I was driving in my neighborhood this morning and recognized a walker as someone I used to go to high school with. At a glance he looked like he wasn’t the happiest of campers and I wondered about that as I drove on. Of course, a first glance can be so deceiving but then there is the scientific fact that our primal brain takes in thousands of particles of information and makes quick judgements beyond the speed of light. So if that is true, my first glance has some truth to it. This person excelled in sports and his father was instrumental since he had been the head coach at our school. I wondered how much that has played out, so to speak. Had his father put added expectations on him to play sports and on looking back, did he resent that parental pressure? Had he lived up to his father’s expectations or to his own? I wondered.
That got me to thinking about my parental role. Had I also put my aspirations onto my children? I know I talked about the importance of getting an education and going to college. Since I hadn’t gone to college but always wanted too, I made sure my girls knew that they would need an education as a leg up to a good career.
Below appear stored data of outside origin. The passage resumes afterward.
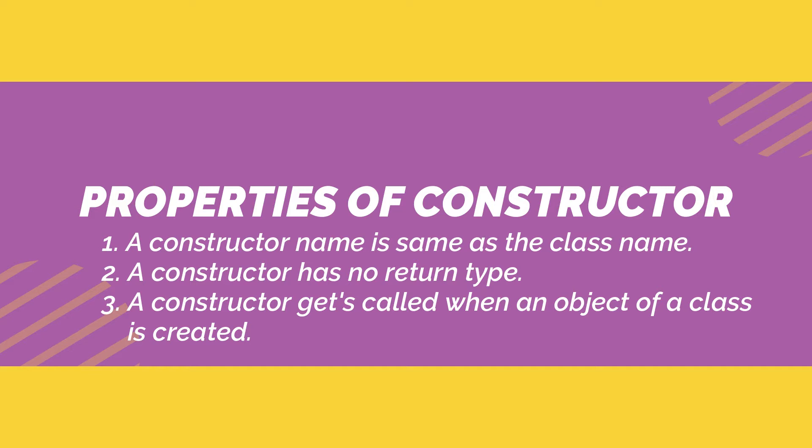All classes have constructors by default. If you do not create a class constructor yourself, Java creates one for you. Constructors can also take parameters which is used to initialize attributes or data members inside a class.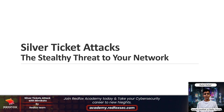Hi guys, my name is Kunal and I am a Security Consultant at RedFox Security. Today we are diving into a powerful Active Directory persistence technique using Silver Ticket. We will explore what Silver Tickets are, how attackers use them to maintain access, and we will learn through a live demo of the process. So let's get started.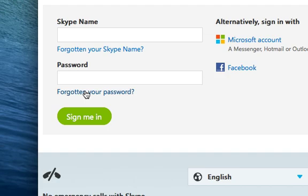You click on that, and then it'll take you through resetting your password.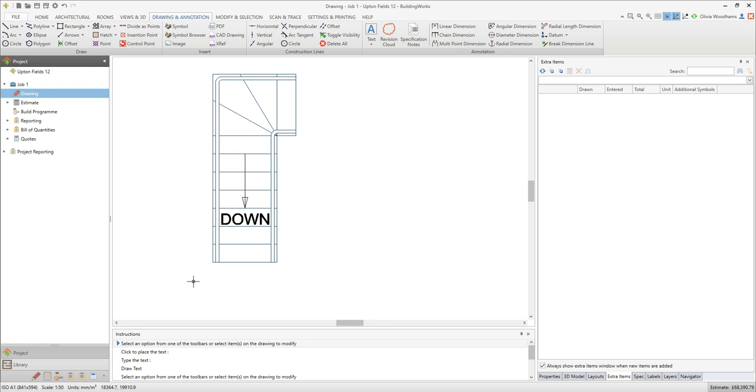Have a go at modifying the staircase on an upper floor plan. If you didn't explode the staircase as you created the level, click on the staircase symbol to select it and then click the explode button on the modify and selection tab to break the symbol into its individual lines.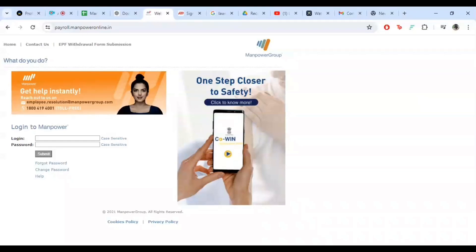Hey there, welcome back to the channel. Today we are going to walk you through the simple steps to log into the Manpower Payroll system. Whether you are new to this or just need a refresher, we have got you covered. So let's get started.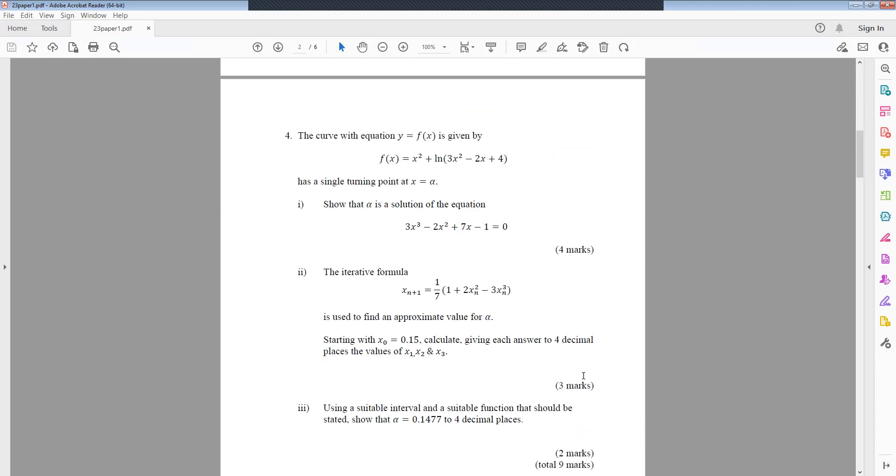Question 4: The curve y equals f(x) is given by f(x) equals x² plus ln(3x² minus 2x plus 4). It has a single turning point at x equals alpha. Part 1: Show that alpha is a solution of the equation 3x³ minus 2x² plus 7x minus 1 equals 0.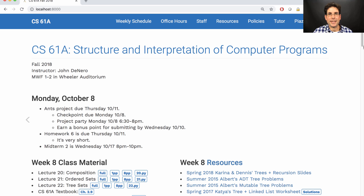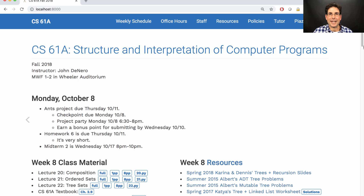Next week is the second midterm for the course, which will cover all of the material this week and everything we've covered so far. Exams in this course are cumulative, so you are meant to know all of the material from midterm one, but most of the questions will focus on the core midterm two material — things like list mutation and manipulation, the object system, and tree recursion.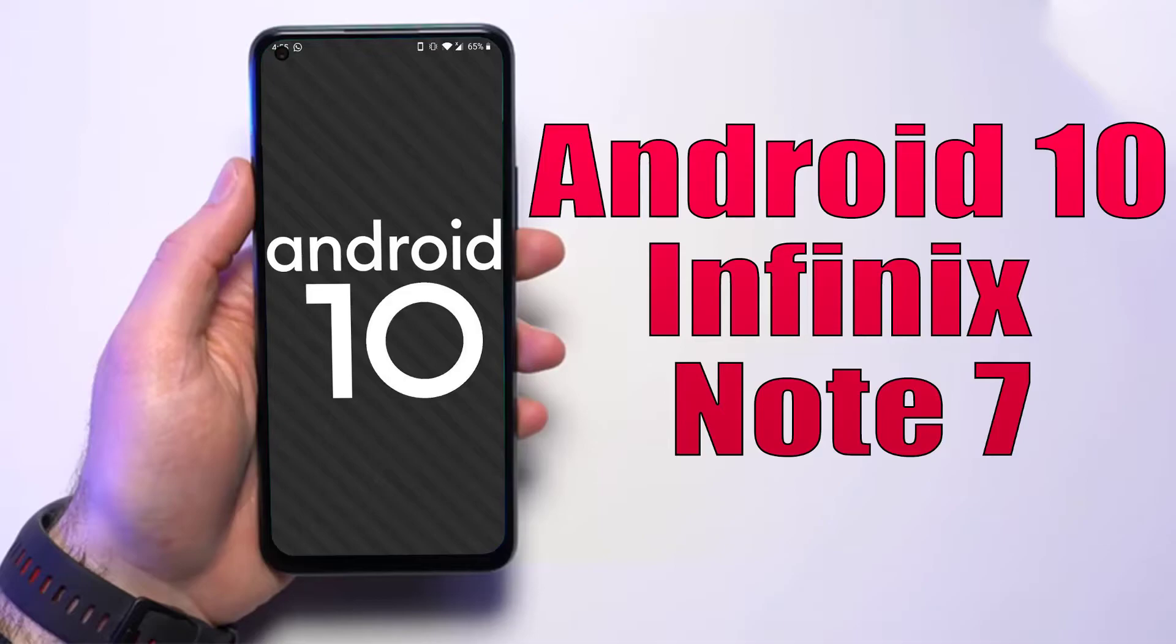Install Android 10 on Infinix Note 7 via LineageOS 17.1 GSI treble ROM.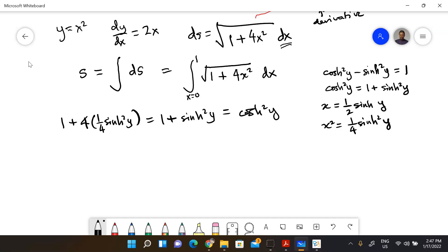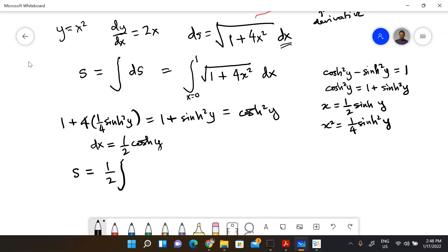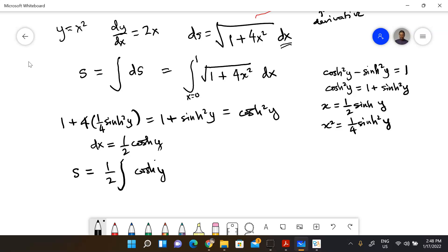With x = ½ sinh(y), we get x² = ¼ sinh²(y), so 1 + 4x² = 1 + sinh²(y) = cosh²(y). Also, dx = ½ cosh(y) dy. Substituting into the integral gives s = ∫ cosh²(y) · ½ dy, which involves a factor of ½ overall.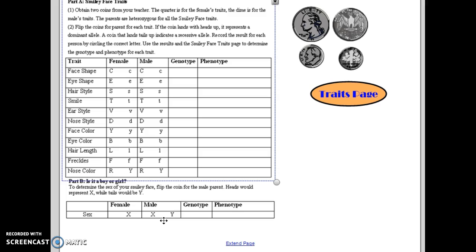Once you have your phenotypes all determined, on the second page of your handout, you will be drawing your smiley faces, and after you draw them...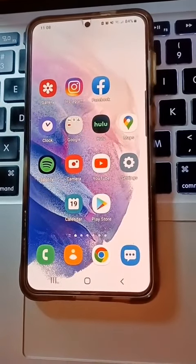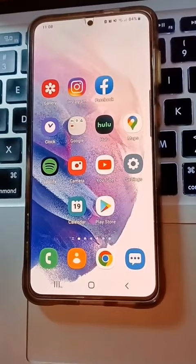Turn off this Android privacy setting immediately. It allows unknown apps to be installed on your phone.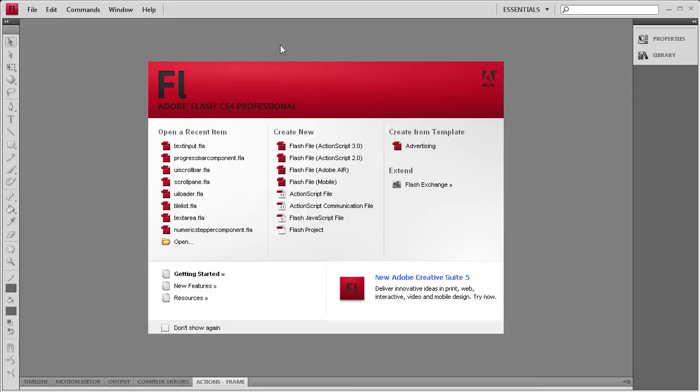Welcome to this tutorial by River City Graphics. Today I'm going to be demonstrating how to use the text input component in Flash.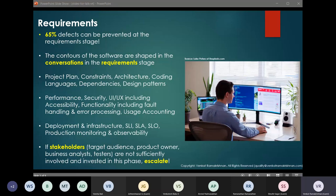A common practice seen in organizations is that product owners or business analysts interact with the business and then convey details to development, who then convey the requirements to the testers. What's wrong with this scenario is that there are multiple handovers of information involved, and during every handover there is a very strong possibility of requirements not being communicated correctly or misunderstood. When discussions happen with the business and requirements are being documented, all stakeholders — the business, product owner, business analyst, developers, and testers — should be present so that miscommunication or misunderstanding can be prevented.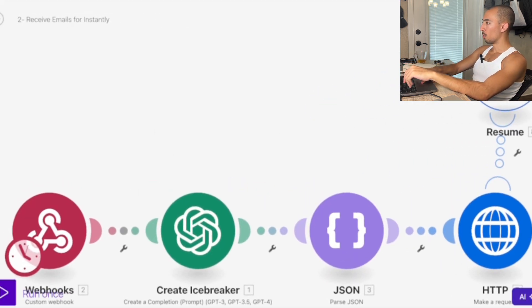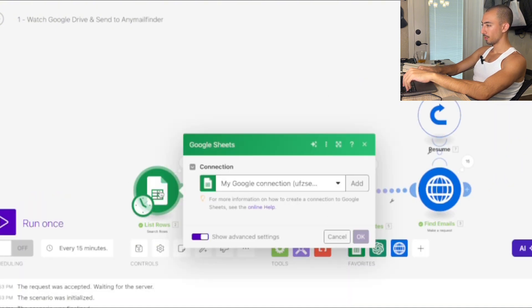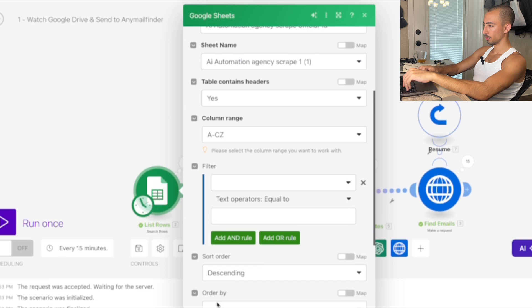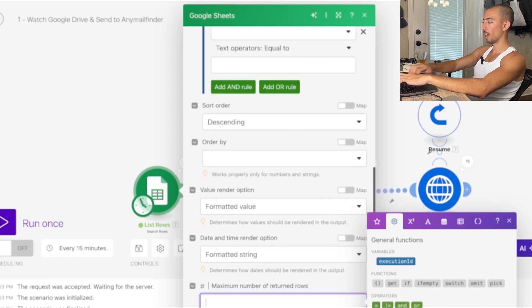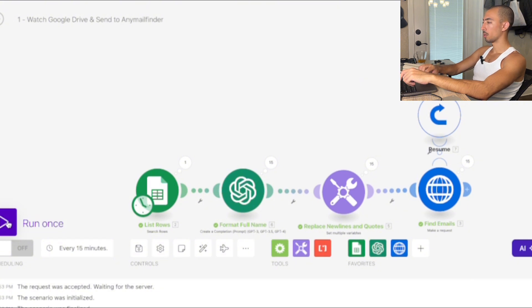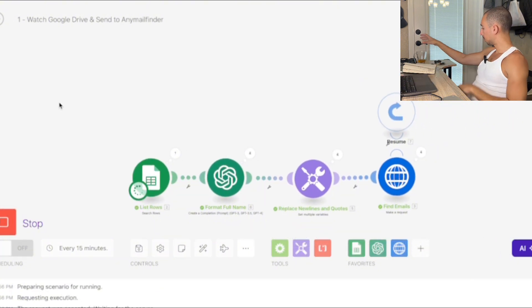Now we'll run again with 75 rows — I like odd numbers. Run once and we're off.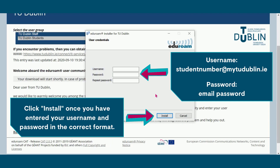You now need to enter your username and password. Your username is your student email address, which is your student number at mytudublin.ie, and your password is the same password that you use to log into your student email. Click Install once you have entered your username and password in the correct format.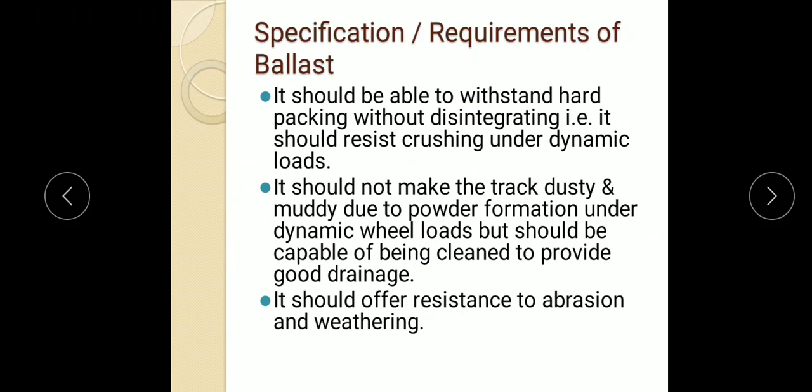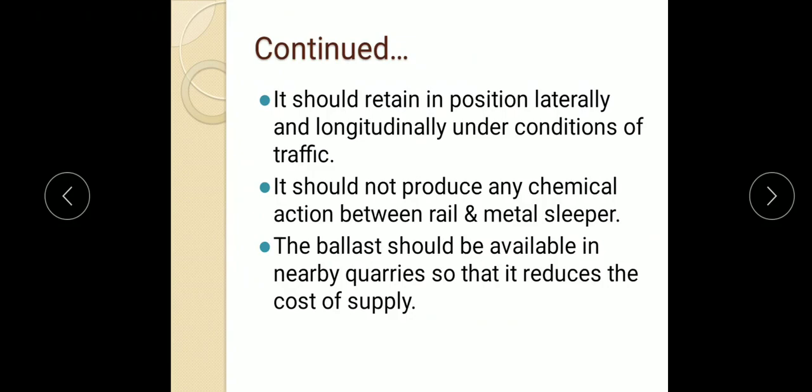Coming to the specifications or requirements of ballast — in the market, various materials are available which can be used as ballast, but these materials should satisfy standard requirements. First, it should be able to withstand hard packing without disintegrating, that is it should resist crushing under dynamic loads. Next, it should not make the track dusty and muddy due to powder formation under dynamic wheel loads, but should be capable of being cleaned to provide good drainage. Such dusty and muddy conditions should not happen.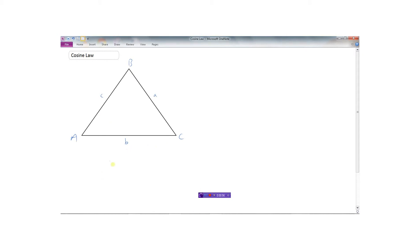I've got a triangle here and I've labeled the sides A, B, and C corresponding to their angles. We're going to do the same thing we did with the sine law — we're going to drop a perpendicular down here and call that H. Now it turns out that the cosine law is related to Pythagoras' theorem. This whole length is B; I'm going to call this little segment X. So if this whole length is B and this part is X, then this little part would be B minus X. The cosine of angle C would be X over A — cosine is adjacent over hypotenuse.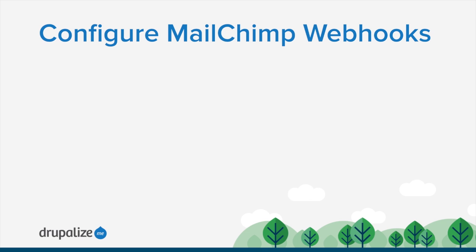In this scenario, Drupal can be configured to listen for these webhook notifications and respond whenever they happen. This is particularly useful for allowing Drupal to update cached data about subscribers in real time.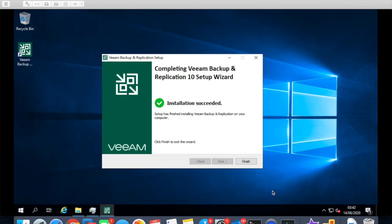So the installation of Veeam Backup and Replication is completed. You can see installation succeeded. Click finish.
So from my perspective, that wasn’t really putting undue pressure on them, it was just stating the obvious. But if I am being honest, I do see how my unfulfilled goals or dreams of an academic career among many other lost dreams, had carried over to them. It’s funny how that happens. Our own life experiences cannot help but to bleed over to our loved ones….both the good and the bad.
I have been reading a lot of articles lately about the human brain…the wonders of unknown territory of the subliminal mind. So much of how we act out is due to the subconscious part of our brain. Visually I think of this huge iceberg and how what is underneath the water is where the complexities and perhaps our unresolved life experiences reside. I even have a picture of an iceberg at my home office to remind myself of the hidden depths of who I really am. What lies outside the line of vision is nothing as to what is within my head…buried but never forgotten? As children how we are talked to and, how we are treated become those parts of us that are submerged in our deepest sub consciousness. Those memories become our inner voice; how we think about our self and all that self-talk that goes on in our deepest recesses that will all be played out in some way or another; the good, the bad and the ugly.
So then….how will my children translate their childhood to become the adults they are evolving to be? Will they live up to their own expectations and their own goals and dreams or mine for them? I hope they learn early on to live their lives according to where their deep love and passions take them. It is after all, their journey of life and not mine.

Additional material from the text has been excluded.